Один глаз Лукавны был с черной повязкой, а другой — выкаченный; и куда-то вперяла его в подсознание, до сознания, вглубь сознания. Со знанием дела до чего-то доискивалась, что-то там хирургисала, скальпелем по мысленным внутренностям. Свою искорку вынимала и передавала другому. Святая Лукавна ну любила плодить калек! Бывало, оглянет младенца, спеленает в родовую рубашечку и отдаст родовой энергии, и силы Божии заберет. Бывало, зайдет в детский сад да юных богатырей десятерых возьмет себе на воспитание — и превратит в живых калек, а сама растет ядреная, здоровая такая, тысячелетне ненасытная. Счеты ей предъявляют, счеты кругом… Но заговоренная Лукавна не сдается — отбивается: «Я, говорит, не виновата, я ни в чем не виновата… Сами они такие. А нечего было…»
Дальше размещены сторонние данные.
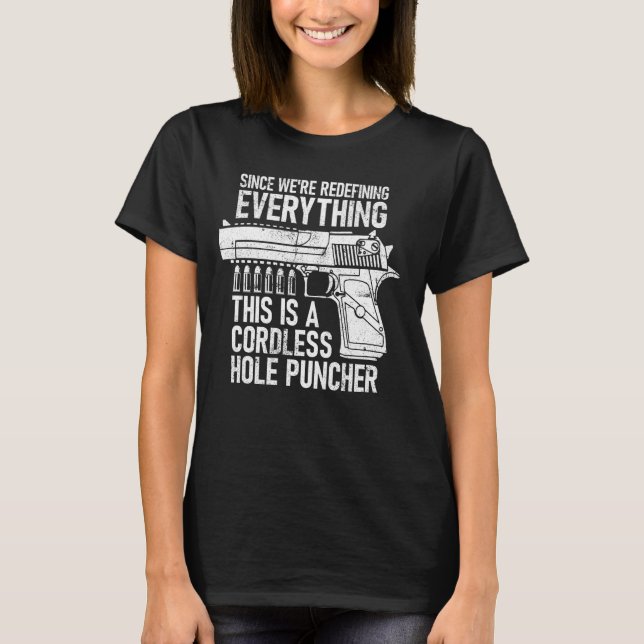 Camiseta Estamos redefiniendo todo esto es un casco sin cab (Anverso)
Бывало, и с клюкой летала, и заговаривала против змей. Как взглянет — так человек преображается её могуществом. И славили Лукавну окрестные байбай-богатыри… О происхождении её знали только, что отец воевал на фронтах мировой войны с духами тьмы преисподней и дослужился до полковника, но потом перевели его в хорунжие. Умер от тифа в совковской больнице.
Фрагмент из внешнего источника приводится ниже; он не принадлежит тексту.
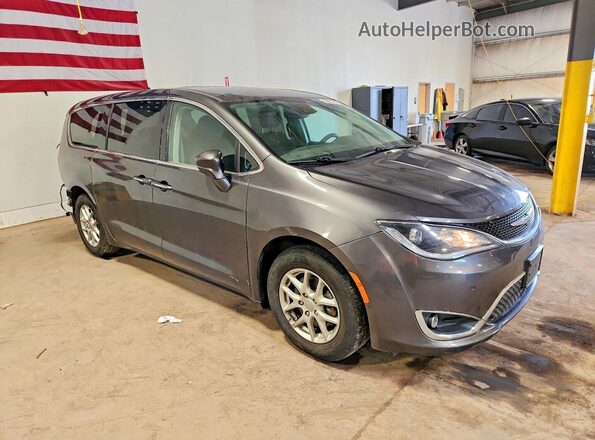 2C4RC1FG1LR222663 2020 CHRYSLER PACIFICA Gray Front right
Рожать Лукавна не хотела. И когда где-то в добытийной реанимационной ей возвестили о рождении мужского пола, Лукавна, бледная от страха, прошептала: «Только не Сосипатр». Дуриан Каликович Перехожий, муж Лукавны, склонился над своей драгоценной половиной и сказал: «Ну, как? Луковичка, как? Как назовем? «Только не Сосипатр». — «Тогда Сосиматр?»
Мальчика назвали Сосипатр Дурианович Калика Перехожий.
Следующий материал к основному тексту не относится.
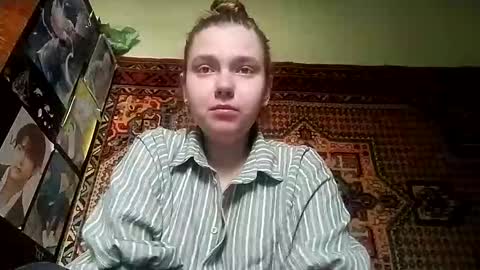 kikibang_ online show from 03/23/26, 10:08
Сосипатр был мальчик умный. Свалился откуда-то с Сатурна, летал на китайской тарелке. Немного был с холодком. Чтобы угодить Лукавне, Сосипатр нарожал ей кучу детей. Лукавна взялась было за их воспитание, да хватало у нее других забот, и диалога с Сосипатром Дуриановичем у нее не получилось. «Ах, задавила б я его между ног в свой час, — думала в бессонной ночи Лукавна, — но не вышло». Сосипатр тем временем терзался страхом: если Лукавна его не одобряет, как ему дальше жить? Не дает ему жить Лукавна!
Выбился Сосипатр в люди, стал поэтом, принес Лукавне на стол сборник «Кедры охламонские». Лукавна и глазом не моргнула: «Эх ты, Сося! О детях бы позаботился, дети ненакормлены и ненапоены…» Сося принялся о детях заботиться. Удалился в заморские страны — купцом-миллионером пришел: кафтан красный, шапка купеческая, вид лихой, из усатых уст пар пышет — силушка молодецкая. Во дворе — роскошный кадиллак, в подарок — ковер из Эль-Рияда. «Я, матушка Лукавна, стал отменным купцом, миллионером! Детей кормить — ой-ёй-ёй! Нашенских, плюс калек, плюс калик перехожих… Хватит!»
Но Лукавна, опять же, не моргнула ни одним глазом, ни черным, ни выкаченным, напротив, вдруг стала мрачнее тучи да подбоченилась, да укоряет Сосипатра: «Вот, если б ты еписькопом стал!» — к тому времени повадилась ходить в одну церкву, где её провозгласили живой святой и составили ей акафист: «В честь Лукавны Сосипатровны Перехожей».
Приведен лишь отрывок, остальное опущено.